*** SUPPLIED MATERIAL ***
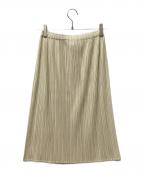 PLEATS PLEASEプリーツプリーズ）の古着「膝丈プリーツスカート」｜アイボリー
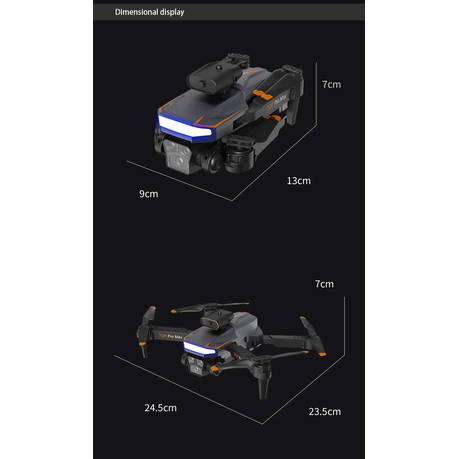 P18 - Triple Camera Quadcopter Drone With GPS HD Aerial Photography - Black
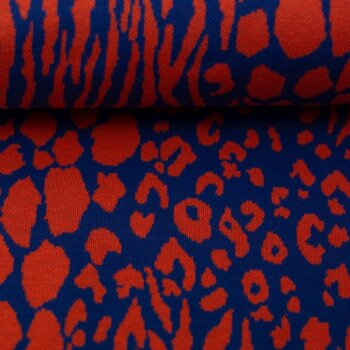 Jacquard-Jersey - Mira - Animal - Blau/Orange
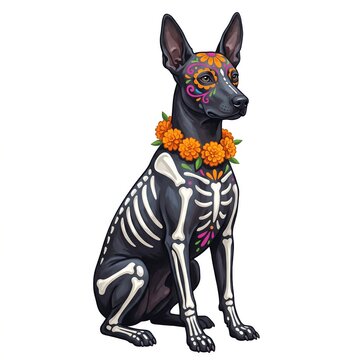 Day of the Dead xoloitzcuintli skeleton dog cutout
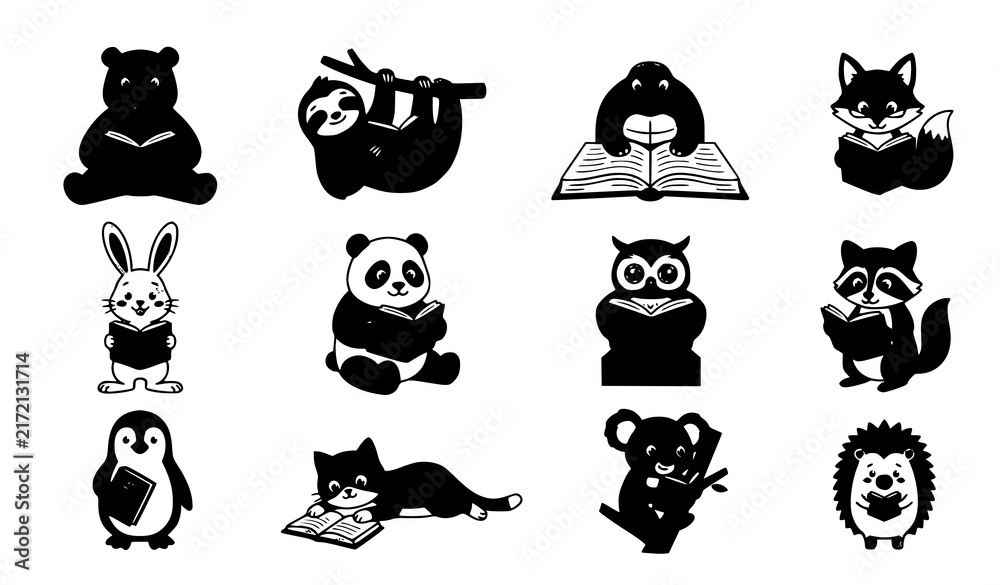Naklejka premium Funny Cute Animals Reading Books Cartoon Education Vector Set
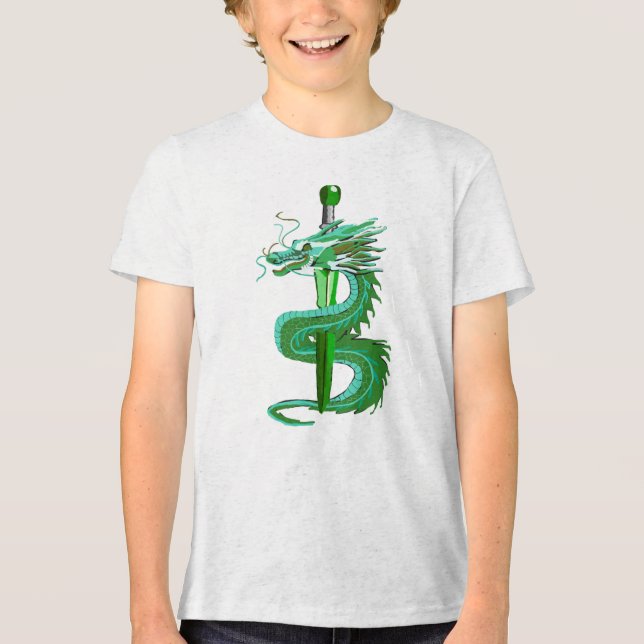 Mystisch grüne Schlangendrache Tri-Blend Shirt (Vorderseite)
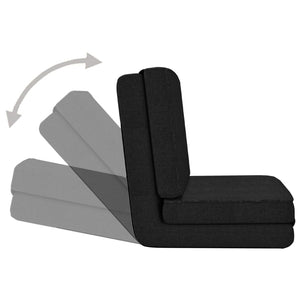 vidaXL Floor Chair Foldable Black Fabric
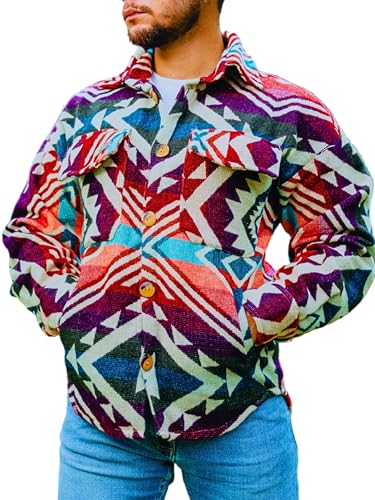 Mens Long Sleeve button Down Shirts - Sherpa Alpaca Shirt Jacket - Camisa Leñador Para Hombre - Lightweight Men's Jacket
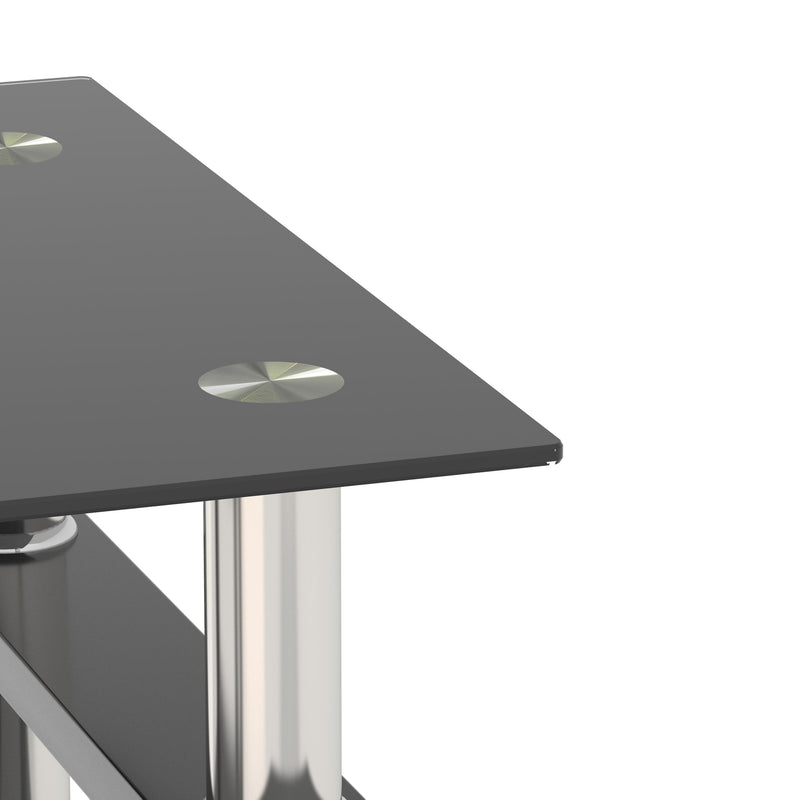 Modern Tempered Glass Tea Table, End Square Table For Living Room (Set of 2) - Black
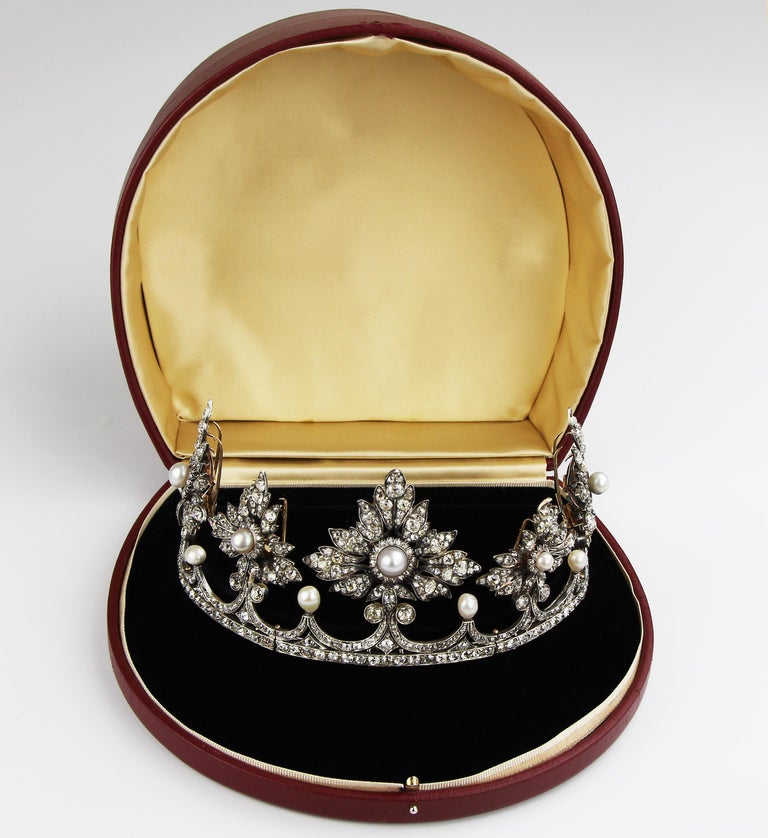 Antique Victorian Tiara Natural Pearl & Diamond Provenance & by Kendall Jenner In Good Condition In London, GB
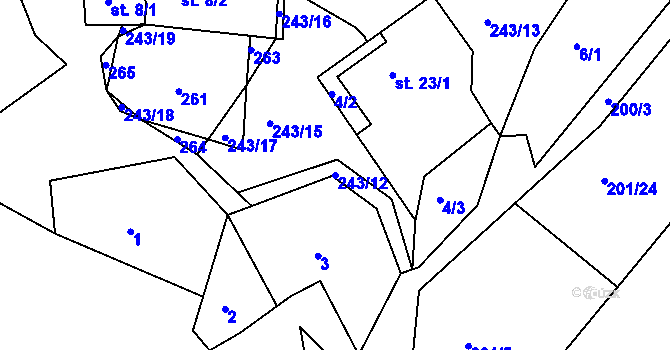 Parcela st. 243/12 v KÚ Svojšice u Choltic, Katastrální mapa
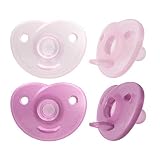 Philips AVENT Soothie – BPA-freier Schnuller für Babys von 0 bis 6 Monaten, rosa/hellrosa (Modell SCF099/22)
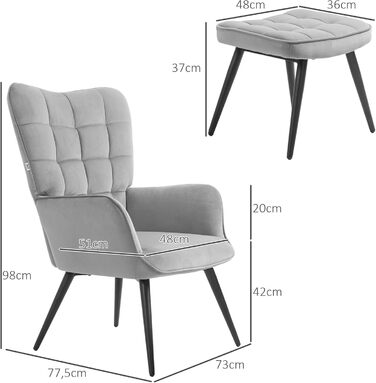 Крісло HOMCOM з підніжкою та підставкою, крісло для відпочинку з оксамитовим виглядом, сучасне крісло-реклайнер, крісло для телевізора, м&39яке крісло для вітальні, спальні, світло-сірий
***
» **ACTIVITY**:
The lines above should be transcribed exactly, with every image removed.

» **RESULT OF THIS EXERCISE**:
 PLEATS PLEASEプリーツプリーズ）の古着「膝丈プリーツスカート」｜アイボリー
 P18 - Triple Camera Quadcopter Drone With GPS HD Aerial Photography - Black
 Jacquard-Jersey - Mira - Animal - Blau/Orange
 Day of the Dead xoloitzcuintli skeleton dog cutout
Naklejka premium Funny Cute Animals Reading Books Cartoon Education Vector Set
 Mystisch grüne Schlangendrache Tri-Blend Shirt (Vorderseite)
 vidaXL Floor Chair Foldable Black Fabric
 Mens Long Sleeve button Down Shirts - Sherpa Alpaca Shirt Jacket - Camisa Leñador Para Hombre - Lightweight Men's Jacket
 Modern Tempered Glass Tea Table, End Square Table For Living Room (Set of 2) - Black
 Antique Victorian Tiara Natural Pearl & Diamond Provenance & by Kendall Jenner In Good Condition In London, GB
 Parcela st. 243/12 v KÚ Svojšice u Choltic, Katastrální mapa
 Philips AVENT Soothie – BPA-freier Schnuller für Babys von 0 bis 6 Monaten, rosa/hellrosa (Modell SCF099/22)
 Крісло HOMCOM з підніжкою та підставкою, крісло для відпочинку з оксамитовим виглядом, сучасне крісло-реклайнер, крісло для телевізора, м&39яке крісло для вітальні, спальні, світло-сірий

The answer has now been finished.